New entrant Credit Suisse is among the winners to emerge from the financial crisis. It cut risk early and did not have to take any government money. As a result, the firm was able to embrace a client-focused strategy that has earned Credit Suisse accolades from its clients and the press. In both investment banking and private banking, it has been able to capitalize on the difficulties of its competitors and deliver the highest returns on capital in the industry. The focus on keeping a low profile, stability and consistency has suited the firm well. The key question going forward is whether Credit Suisse can maintain its course and continue to leverage its strengths as competitors regain momentum.
This year Visa continues to prosper due to its unusual position. While most major banks risk foreclosure, Visa’s business model is based on its support of plastic cards and network-based services, so it doesn’t have the same risks as normal banks. Additionally, as we move toward a paperless and digital society, these cards seem more appealing. Visa’s commitment to security has also become a real differentiator as the risks of online shopping and the general temperature of our culture have made safety and trust more of a concern than in the past. This year, Visa showed foresight by addressing the public’s growing concerns regarding managing personal credit through financial literacy materials with the aim of educating consumers. It has also emphasized transparency on a new blog, which shows how Visa works with its partners to instill key financial skills and encourage responsible spending across the globe. Its presence at international event like the Olympics 2010 Winter Games as well as the FIFA World Cup also served it well this year, elevating its visibility.
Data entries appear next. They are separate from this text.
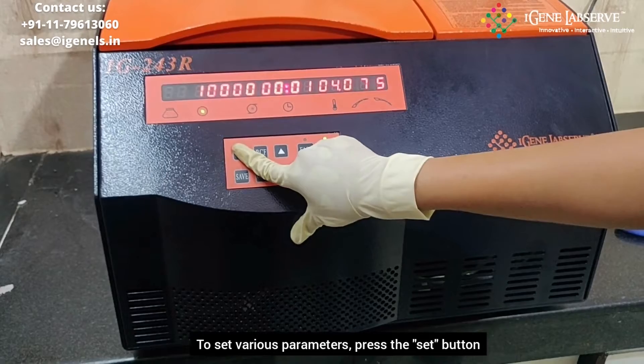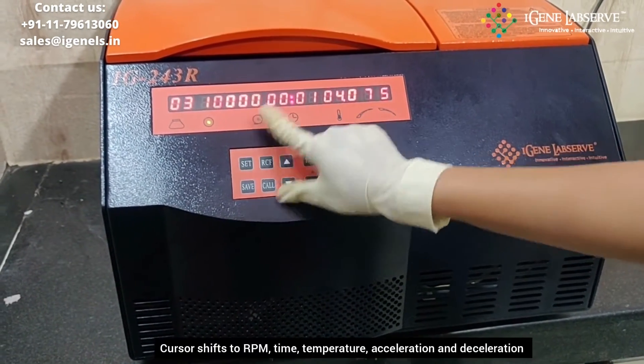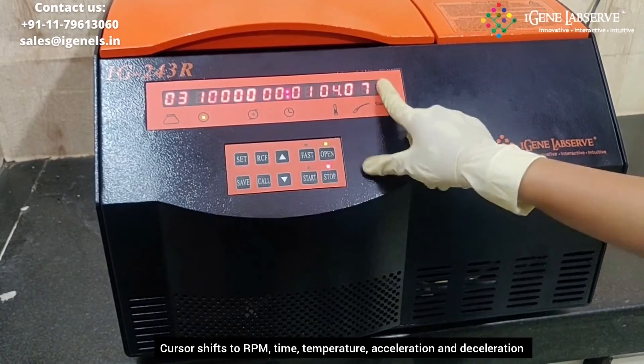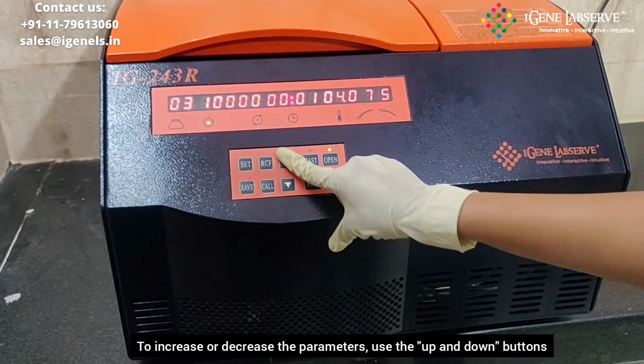To set the various parameters, press the set button. It goes to RPM, then to timer, then to temperature. When you press the set button again it goes to acceleration, and then it goes to deceleration. To increase or decrease the various parameters, you have to use these two arrow keys.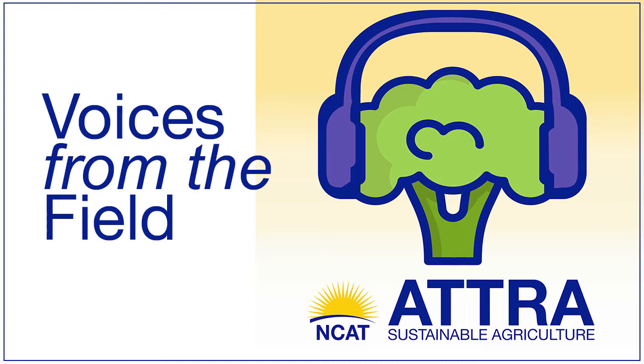Learn how to harvest the sun twice with practical information at NCAT's Agrisolar Clearinghouse. Get access to more than 400 peer-reviewed articles, the latest in Agrisolar news, and connect with farmers and solar developers working together to make the most out of shared resources. Visit agrisolarclearinghouse.org.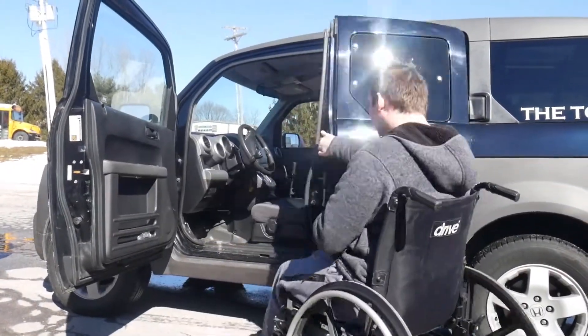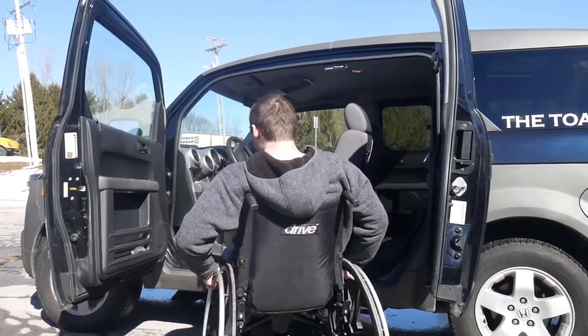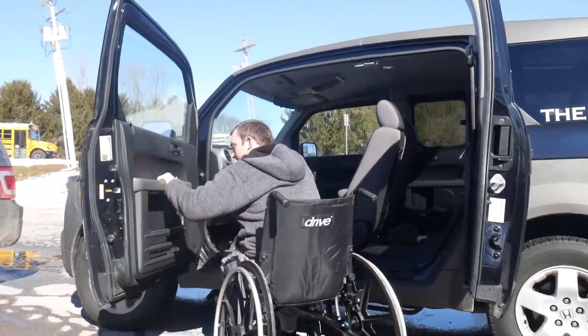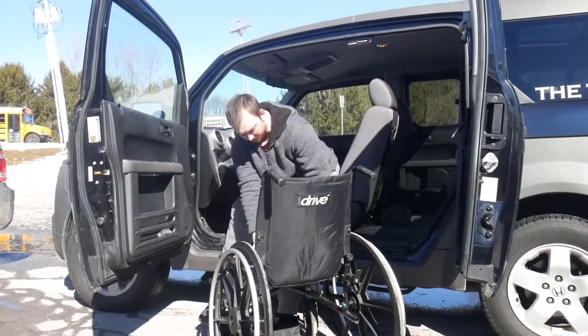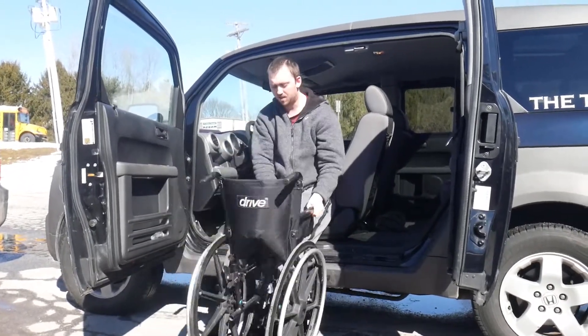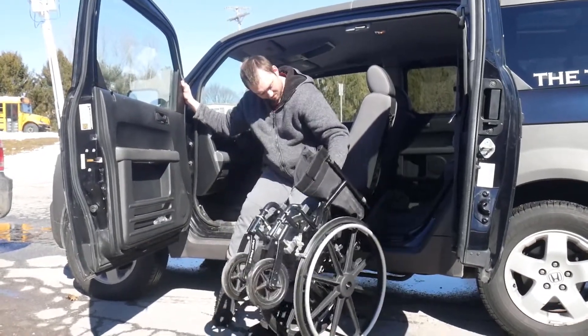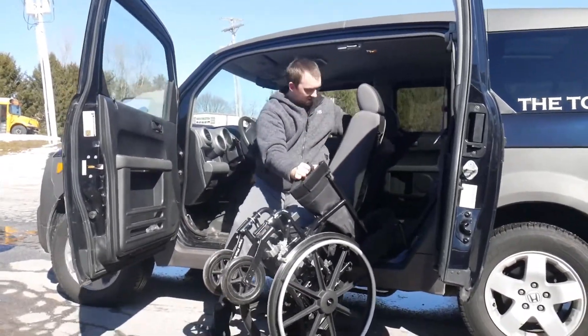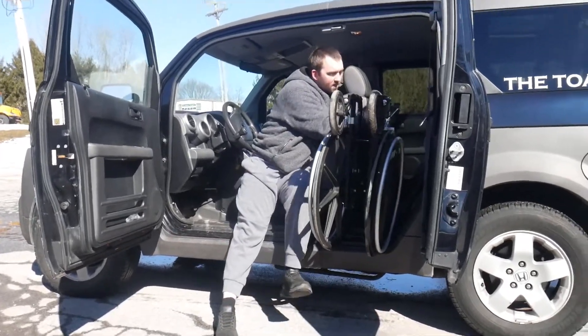We're going to start off by showing how I get into my car. My legs do work so I can stand up — I pretty much just have no balance. So I stand up, get into the seat, wrap my arm around like that, and pull in the wheelchair.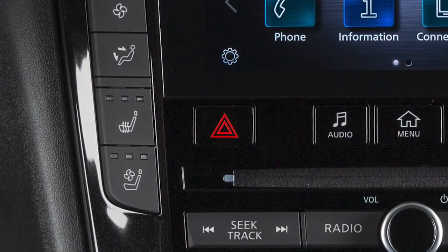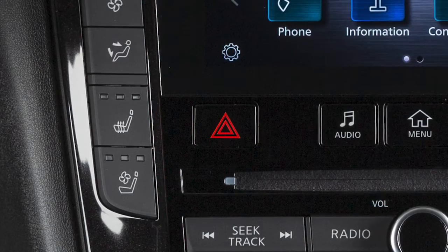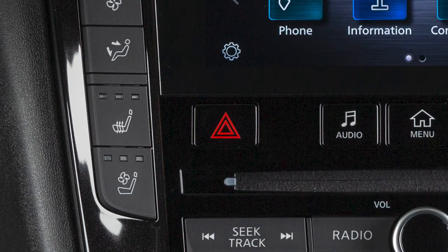Push this switch when you need to warn other drivers that you must stop and or park under emergency conditions. All turn signal lights will flash. Push again to turn off your flashers.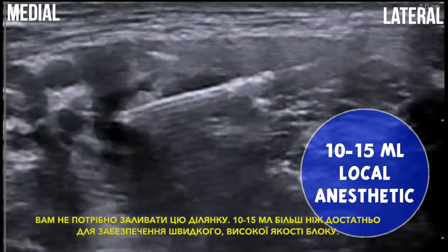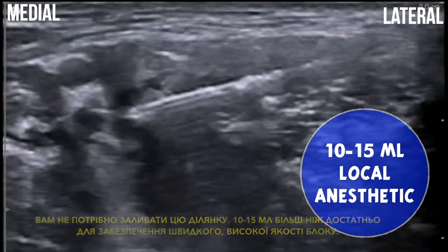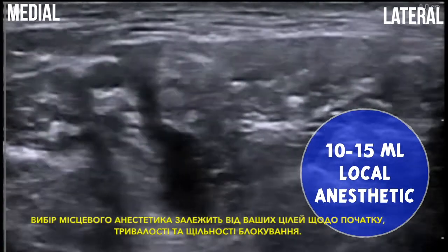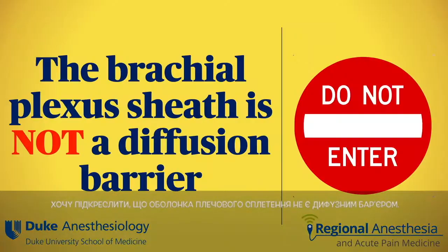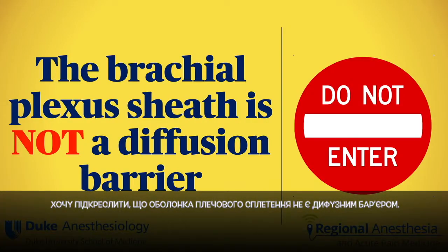You don't have to flood this area — 10 to 15 mils are more than enough to ensure a quick onset, high quality block. The choice of local anesthetic obviously depends on your goals for onset, duration, and block density.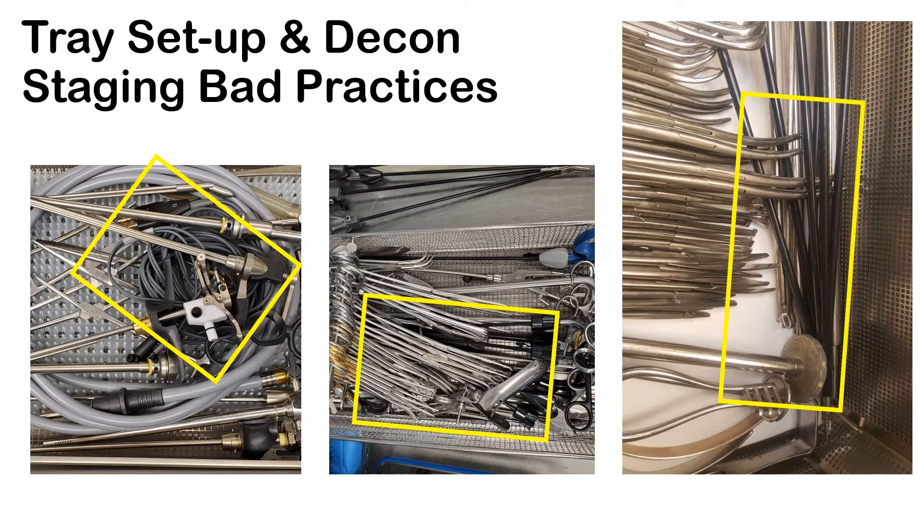Just because an insulated item passes insulation testing doesn't mean it's actually good to go. You still need to look at scratches, gouges, and lacerations that maybe pass the insulation test because the damage didn't go all the way through to expose the metal — but it still allows bioburden to settle in those areas.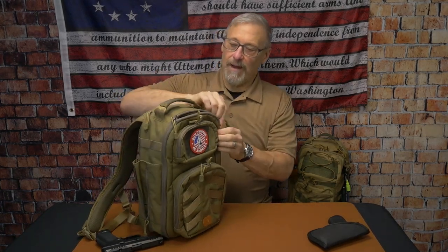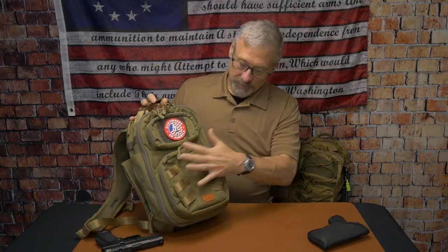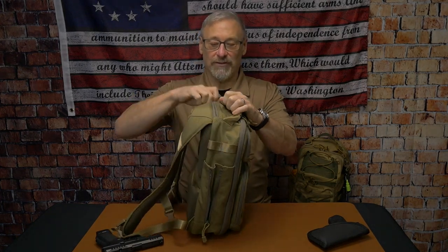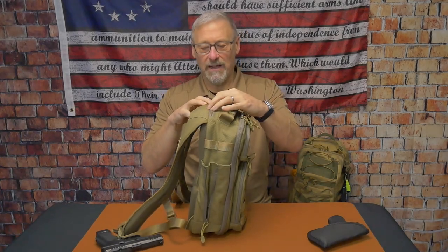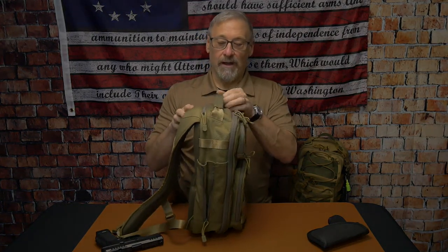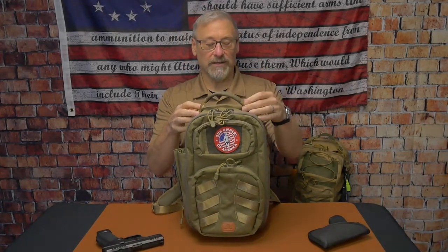Nice pull tabs — multi-directional on all the pouches. A standard feature for them is the concealed compartment here for sunglasses or whatever. I love this pouch — they do it on the Slingshot too, which you can see behind me. So I love how they do that; it's a nice added feature. There's also a nice padded handle, a little bit wider than the Slingshot.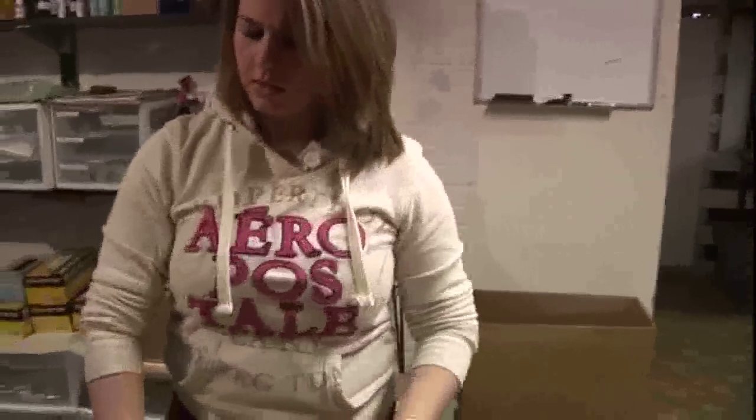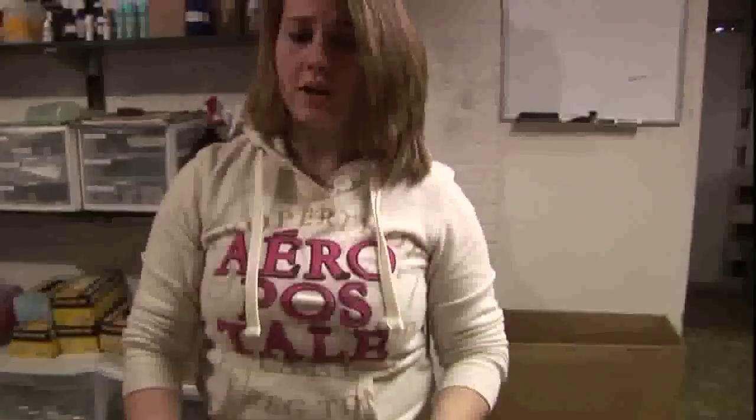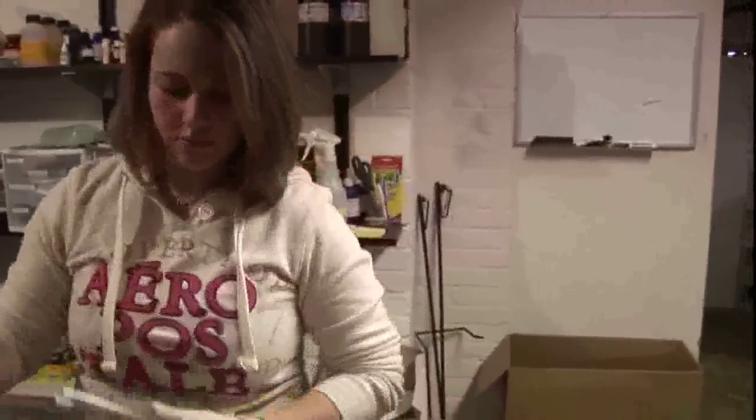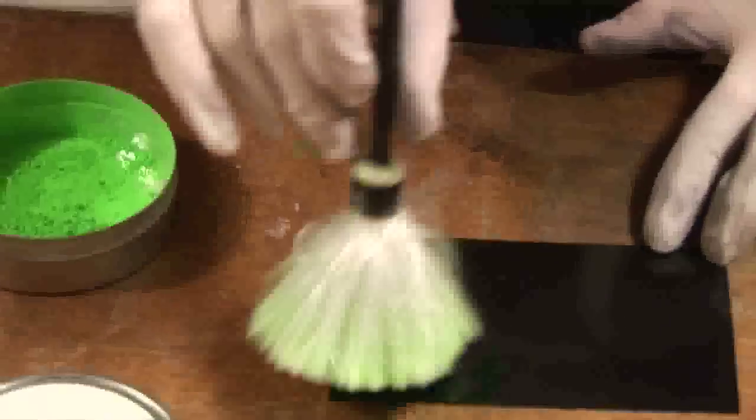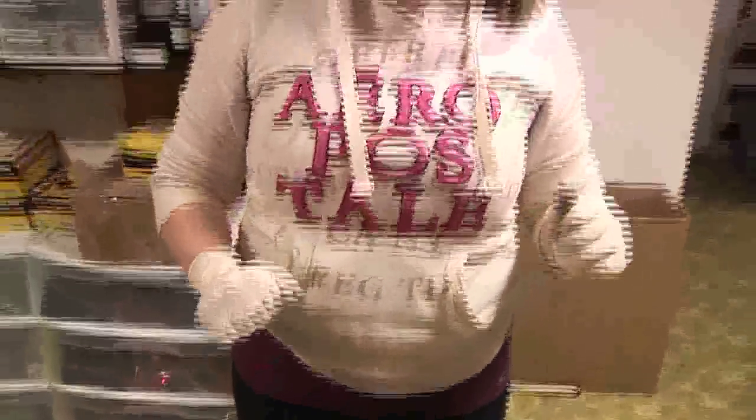Now we'll move on to fluorescent powder. There are a lot of different kinds of fluorescent powder — I'm going to demonstrate with green, but there's also orange, pink, and red. We'll go check out the ALS. I have a demo that I did on the cover of a magazine so we can see what that looks like with fluorescent light.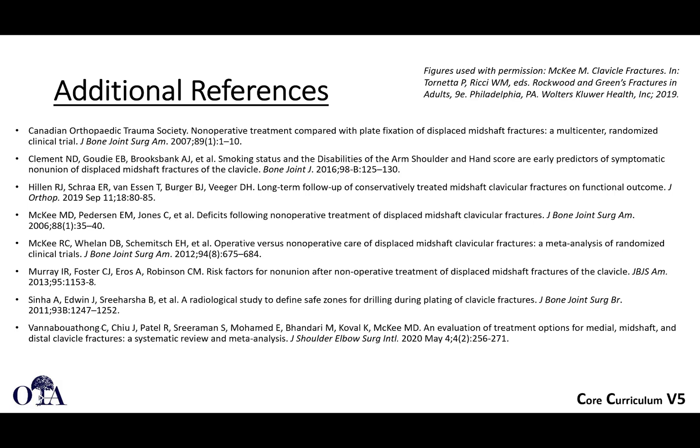Here are some additional references. Some figures were used with permission. Thank you very much.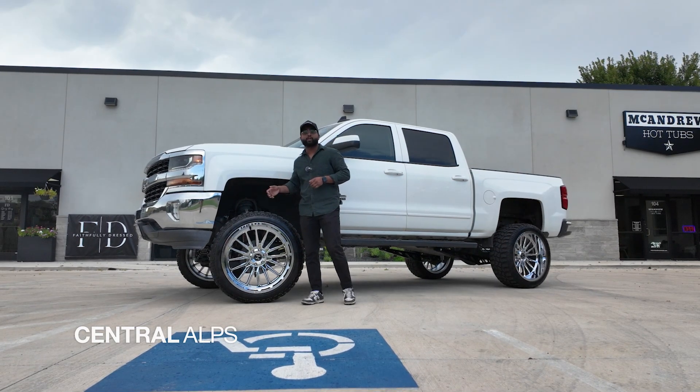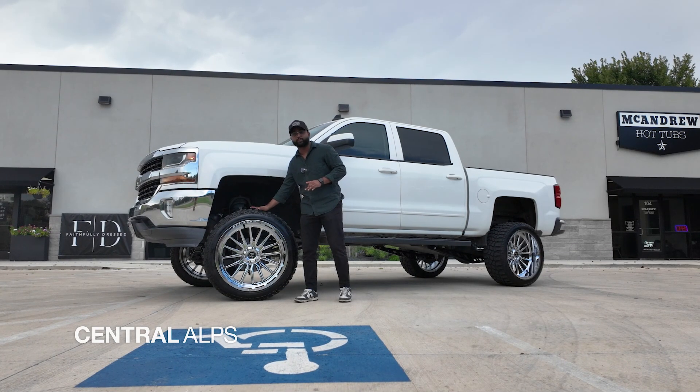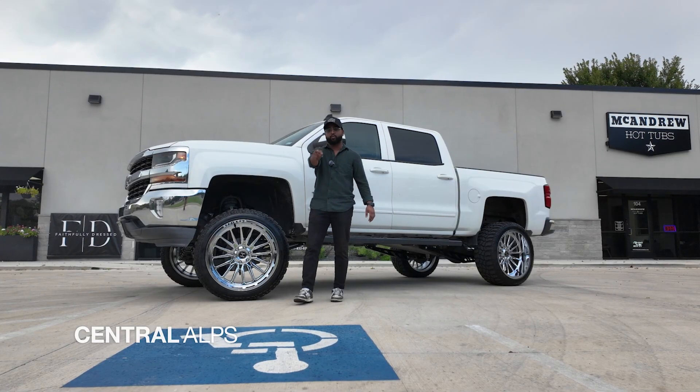And if you want to know what kind of kit we put on this truck, check out our walkthrough video where we explain what type of lift and what type of wheels and tires we put on this thing. And if you need your truck to look like this, give us a call at 833-268-2577. Central Ops in Dallas-Fort Worth.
UBS has been at the heart of the financial tsunami and emerges damaged from the economic crisis with its reputation far below levels several years ago. While UBS is planning to build on its long heritage, and the company is clear about its objective of regaining trust, there is no sense that internal efforts are impacting customers. This is particularly true in the U.S. and Europe, as all of the bank’s efforts are constantly being undermined by scandals like its damaging U.S. tax evasion case. Despite this, confidence in the bank continues to remain high in Asia, where UBS plans to expand operations.